Although IBS can affect people of any age, some weeks it does seem as though I see more middle-aged and older patients in my practice than I might expect. What are the diet-related factors that might cause more gas, bloating, abdominal pain, diarrhea or constipation in older folks?
- Lactose intolerance is rare in young children, but common in older teens and adults.
- Some patients are trying to be responsible adults and eat more healthfully. This might result in increased intake of FODMAP carbohydrates and result in symptoms. (Luckily you can use the IBSFree diet in my book to figure out which healthy foods you can tolerate well).

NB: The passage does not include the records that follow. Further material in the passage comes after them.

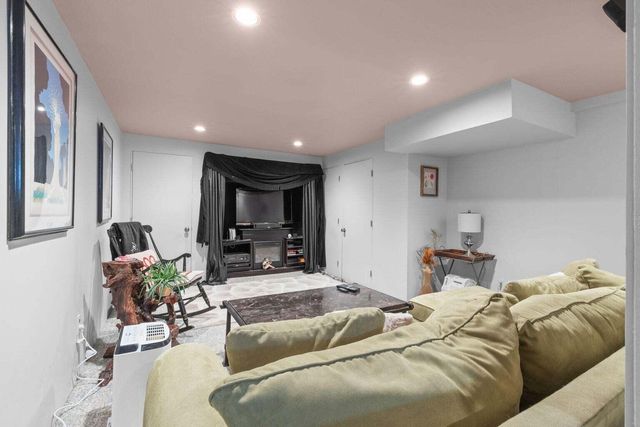 300 Falmouth Road APT 20C, Mashpee, MA 02649
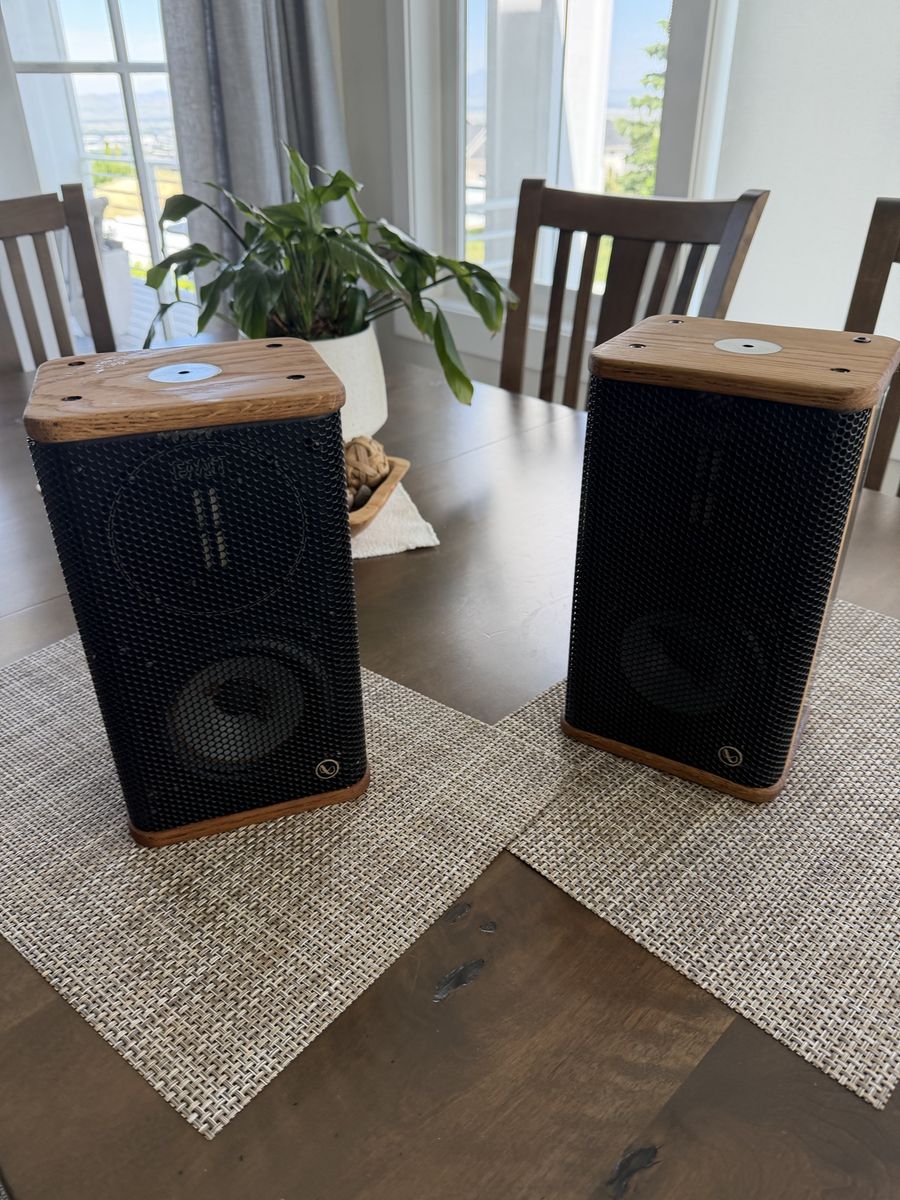 Infinity Infitessimal micro-monitor Speakers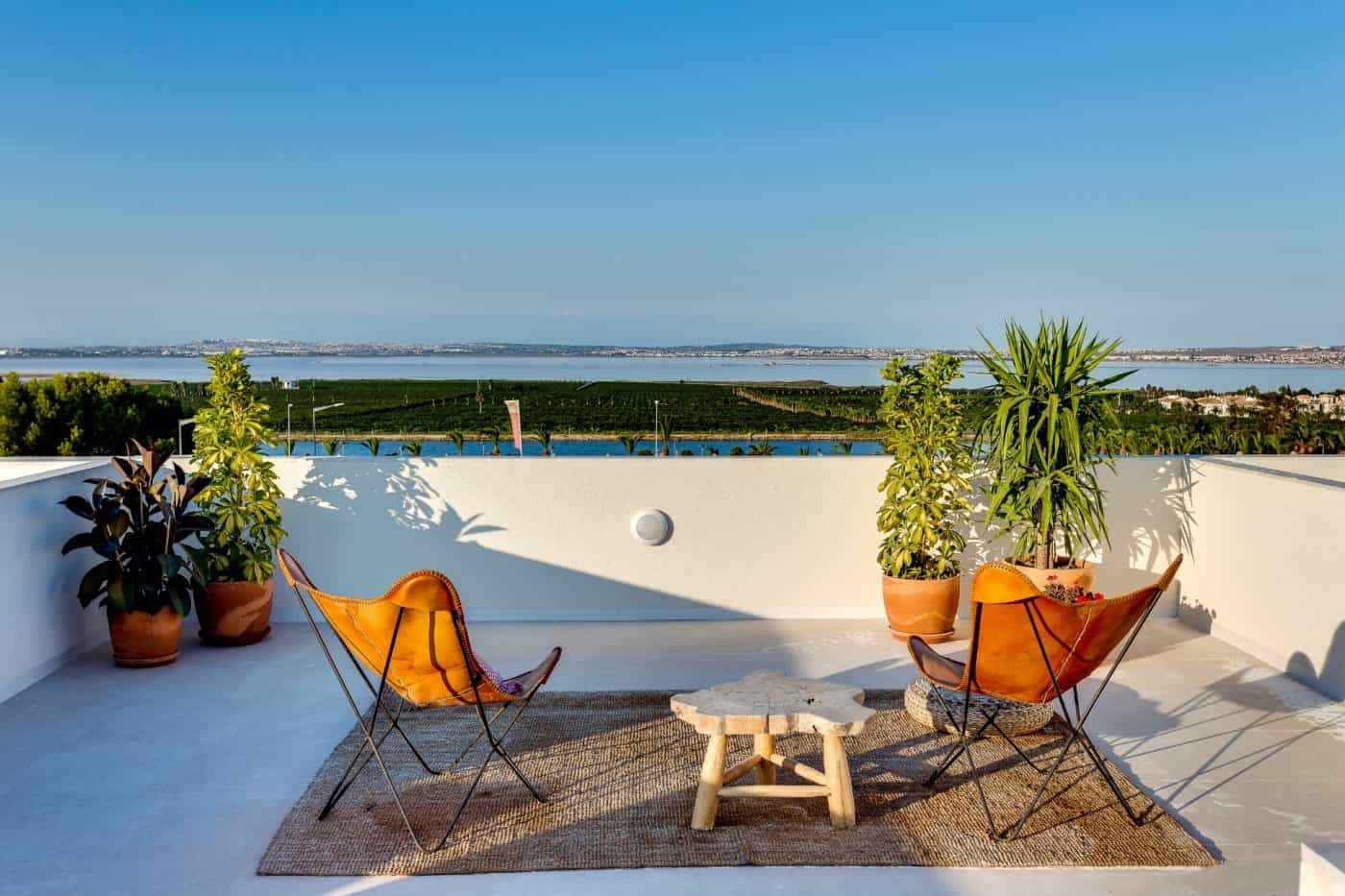 Zicht op de lagunas vanaf terras Nieuwbouw Appartement Te koop in Torrevieja in Spanje, gelegen aan de Costa Blanca-Zuid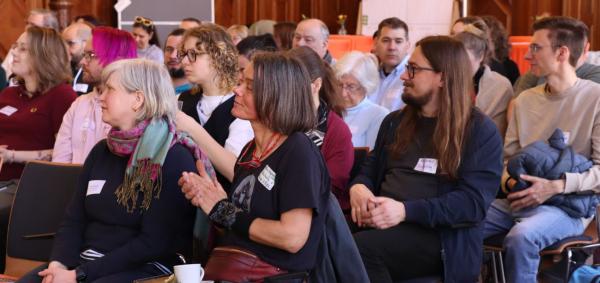 Blick ins Publikum bei Vereinsforum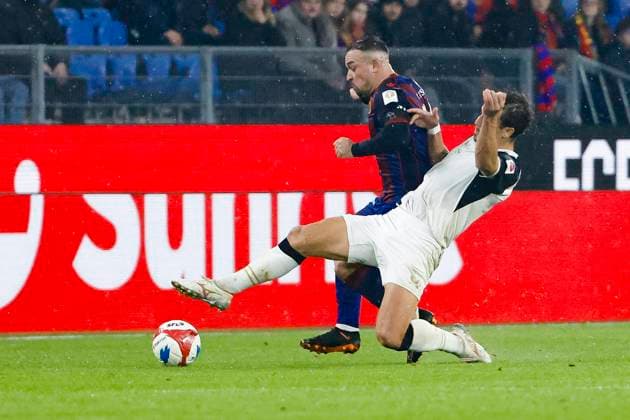 Xherdan Shaqiri (FC Basel, 10) und Lindrit Kamberi (FC Zürich, 02) im Zweikampf , Schweiz, Fussball, Super League, 11.Spieltag, 2025 2026, FC Basel 1893 vs. FC Zürich, 29.10.2025, Sankt Jakob Park, Basel, Schweiz Basel Sankt Jakob Park Kanton Basel Stadt Schweiz Copyright: xGrantxHubbsx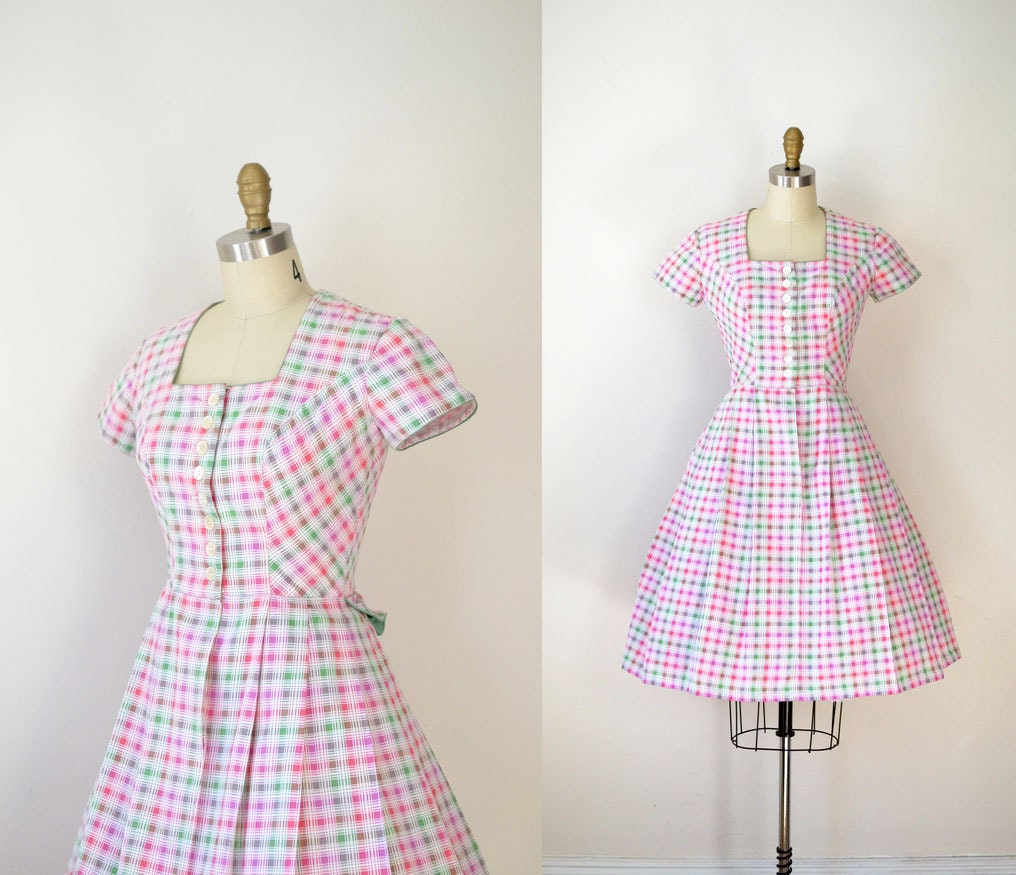 Vintage  Dirndl /  Plaid Cotton Bustle Dress
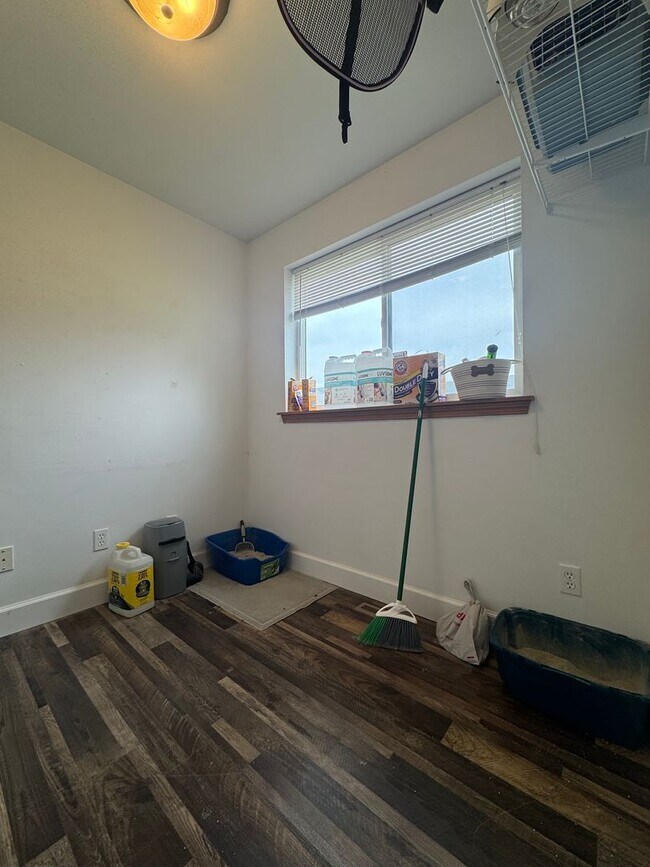 Building Photo - HUGE PET FRIENDLY Rental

- Older adults are more likely to have diabetes, or have friends or family members with diabetes; sugar-free candies are popular with this crowd, and they often contain large amounts of sugar alcohols. Sugar alcohols such as sorbitol and maltitol are well known laxatives. Metformin, an oral diabetes medication, decreases sugar absorption, which can worsen IBS symptoms for some people.
- Conditions such as diverticulitis and c. difficile infection are more common in older individuals. The strong antibiotics that are prescribed for these conditions sometimes leave functional GI symptoms in their wake.
IBS related to most of the above age-related factors may respond well to changes in diet, including FODMAP elimination and, later, using probiotics to maintain gut health.